Problem Definition

You are provided with a sequence of integers representing daily stock valuation records. Your objective is to execute exactly one pruchase followed by one sale at a subsequent point in time to achieve the highest possible financial gain.

Return the calculated net earnings. If the market conditions do not permit a positive yield, return zero.

Operational Example

Input Sequence: [7, 1, 5, 3, 6, 4]
Calculated Result: 5
Rationale: Purchase occurs on day index 1 (Value: 1). Sale occurs on day index 4 (Value: 6).
Net Yield: 6 - 1 = 5
Note: Selling prior to buying is prohibited. A larger theoretical spread (like 7-1) does not exist if chronological order is violated.

Implementation Approach

Utilize a linear scan to maintain the state of the lowest acquisition cost encountered thus far. Simultaneously track the maximum raelized difference between the current valuation and that minimum historical cost.

Optimized Solution

class StockProfitCalculator:
    def calculate_maximum_gain(self, price_data):
        min_purchase_value = float('inf')
        max_accumulated_profit = 0

        for current_val in price_data:
            if current_val < min_purchase_value:
                min_purchase_value = current_val

            current_diff = current_val - min_purchase_value
            if current_diff > max_accumulated_profit:
                max_accumulated_profit = current_diff

        return max_accumulated_profit

Core Logic

This method relies on the greedy principle.
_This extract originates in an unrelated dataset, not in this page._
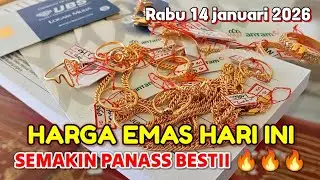 HARGA EMAS HARI RABU 14 JANUARI 2026 ✓ HARGA EMAS PERHIASAN ✓ ANTAM HARI INI ✓ UBS GOLD ✓ EMAS 24 K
As the iteration progresses, min_purchase_value constantly updates to reflect the cheapest entry point found up to the current index. For every step, we evaluate whether selling today yields a better return compared to previous best attempts (max_accumulated_profit). By the end of the dataset, the tracked maximum represents the global optimum for a single transaction window. No future data influences past decisions beyond the running minimum update.